▸ **GOAL OF THE EXERCISE**:
Where a record contains a picture, omit the picture and repeat the rest exactly.

▸ **RECORDS**:
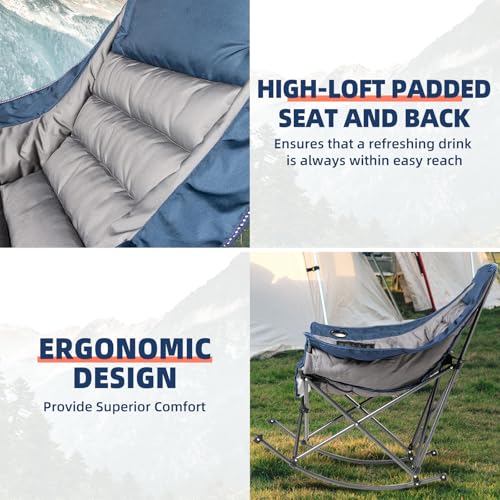 Blue & Gray Oversized Rocking Camping Chair 400lb Capacity with Cup Holder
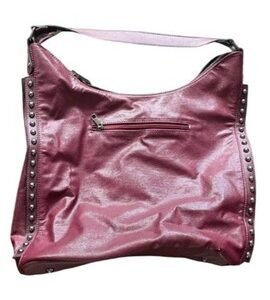Mello World Metallic Maroon Studded Hobo Bag | Purse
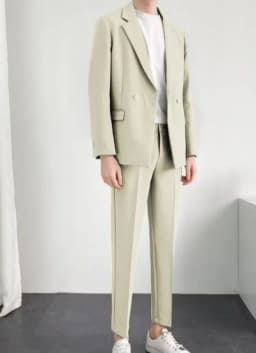 Trendy Korean Style Men Blazer Suit Set Loose Casual Spring Autumn New Cool Stylish Outfit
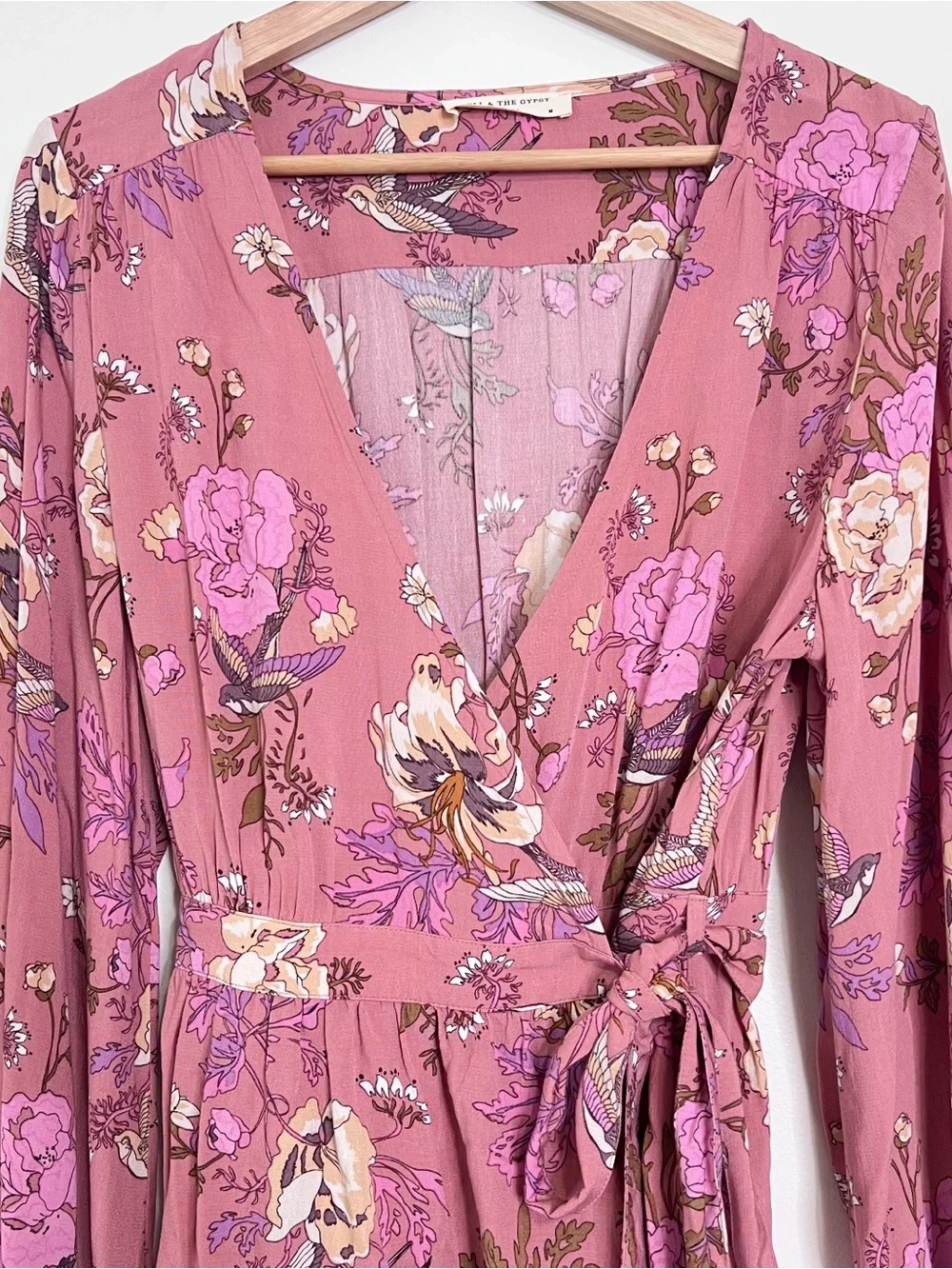 SPELL & THE GYPSY Rosa Wrap Blouse Top Pink Floral Boho Size M Long Sleeve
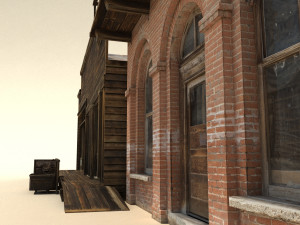 low poly wild west buildings 3D Модель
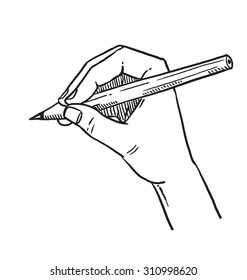 Hand with pencil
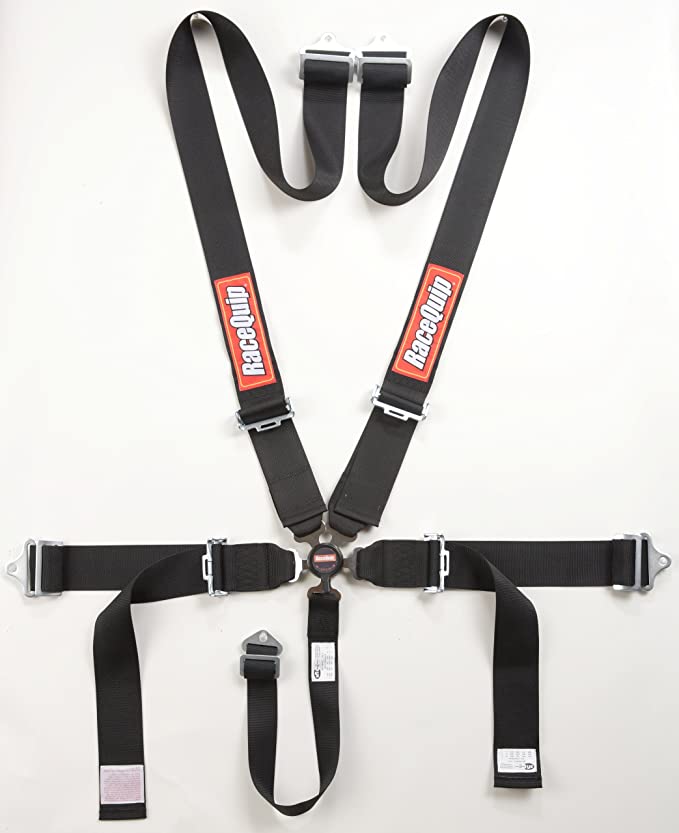 RaceQuip Auto Racing Seat Belt Harness Set Camlock 5 Point Pull-Down Lap SFI 16.1 Black 741001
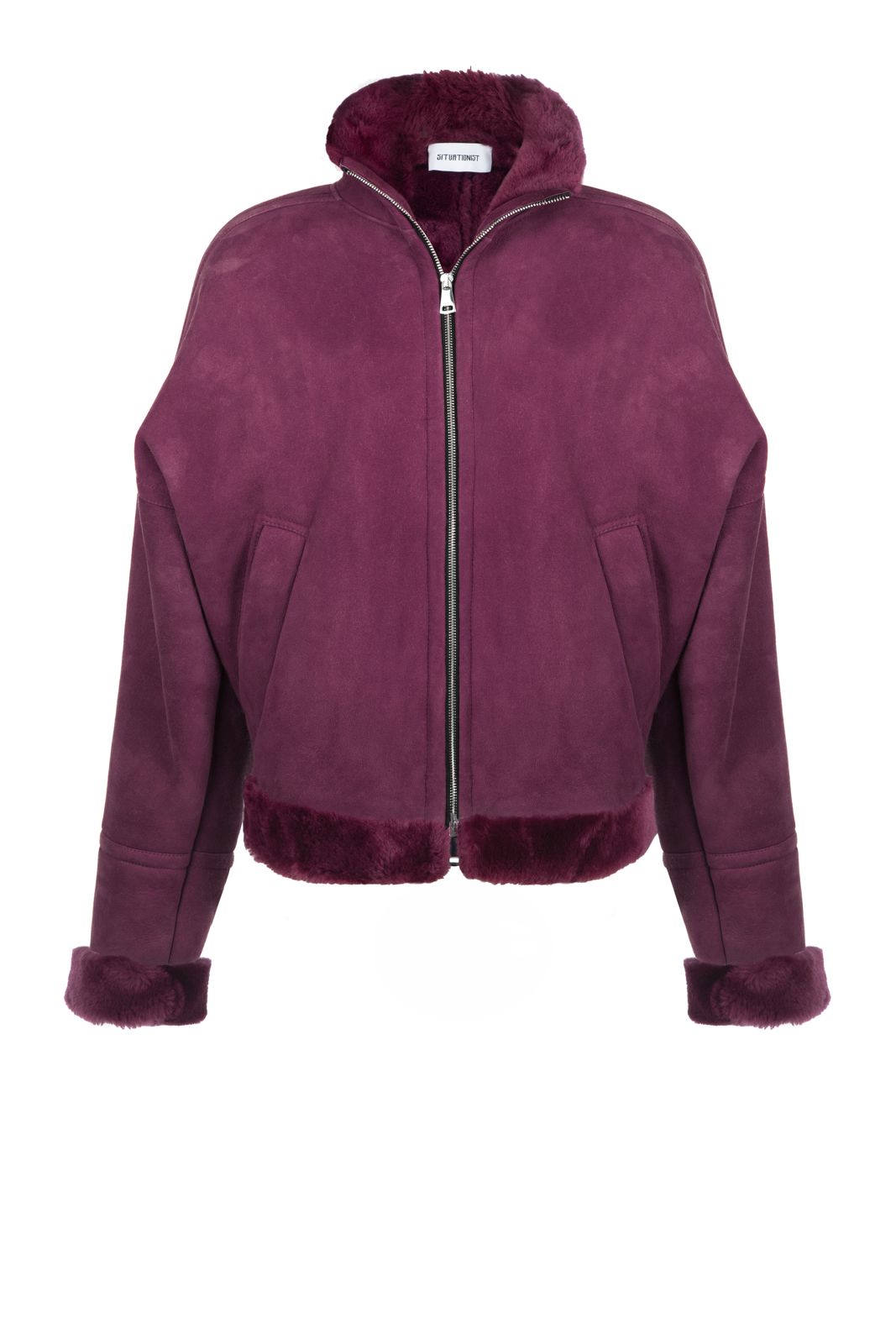 Plum Shearling Leather Jacket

▸ **RESPONSE FOR THIS EXERCISE**:
 Blue & Gray Oversized Rocking Camping Chair 400lb Capacity with Cup Holder
Mello World Metallic Maroon Studded Hobo Bag | Purse
 Trendy Korean Style Men Blazer Suit Set Loose Casual Spring Autumn New Cool Stylish Outfit
 SPELL & THE GYPSY Rosa Wrap Blouse Top Pink Floral Boho Size M Long Sleeve
 low poly wild west buildings 3D Модель
 Hand with pencil
 RaceQuip Auto Racing Seat Belt Harness Set Camlock 5 Point Pull-Down Lap SFI 16.1 Black 741001
 Plum Shearling Leather Jacket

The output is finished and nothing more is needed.